↓↓↓
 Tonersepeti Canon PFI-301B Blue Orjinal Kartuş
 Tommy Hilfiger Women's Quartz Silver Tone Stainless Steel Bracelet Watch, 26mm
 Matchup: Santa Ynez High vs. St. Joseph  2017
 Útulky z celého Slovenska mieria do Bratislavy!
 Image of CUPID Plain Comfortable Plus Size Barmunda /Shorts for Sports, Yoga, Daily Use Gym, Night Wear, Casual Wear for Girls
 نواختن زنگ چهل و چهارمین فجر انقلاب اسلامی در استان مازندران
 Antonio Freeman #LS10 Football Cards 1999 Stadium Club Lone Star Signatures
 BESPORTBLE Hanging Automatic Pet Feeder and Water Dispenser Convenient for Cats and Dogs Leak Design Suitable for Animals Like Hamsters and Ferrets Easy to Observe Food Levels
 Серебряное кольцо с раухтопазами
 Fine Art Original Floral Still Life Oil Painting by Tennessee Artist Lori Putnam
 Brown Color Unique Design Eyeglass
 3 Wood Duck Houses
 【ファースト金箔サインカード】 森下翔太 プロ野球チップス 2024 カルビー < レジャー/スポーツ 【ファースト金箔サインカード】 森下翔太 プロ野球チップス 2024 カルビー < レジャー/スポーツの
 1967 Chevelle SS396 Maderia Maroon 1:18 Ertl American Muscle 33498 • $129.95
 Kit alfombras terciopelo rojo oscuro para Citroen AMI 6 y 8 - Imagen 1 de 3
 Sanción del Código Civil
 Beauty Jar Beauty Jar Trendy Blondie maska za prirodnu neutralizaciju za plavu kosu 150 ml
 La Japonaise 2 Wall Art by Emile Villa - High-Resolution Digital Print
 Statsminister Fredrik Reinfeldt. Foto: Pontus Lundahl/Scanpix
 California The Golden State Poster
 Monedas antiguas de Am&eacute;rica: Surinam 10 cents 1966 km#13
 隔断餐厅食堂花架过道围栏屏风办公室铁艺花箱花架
↑↑↑
• GOAL OF THE EXERCISE:
In the material above, find the line containing "BESPORTBLE Hanging Automatic" and the line containing "Серебряное кольцо с раухтопазами", then write out exactly those two lines and every line between them, and nothing more.

• ANSWER SPACE:
 BESPORTBLE Hanging Automatic Pet Feeder and Water Dispenser Convenient for Cats and Dogs Leak Design Suitable for Animals Like Hamsters and Ferrets Easy to Observe Food Levels
 Серебряное кольцо с раухтопазами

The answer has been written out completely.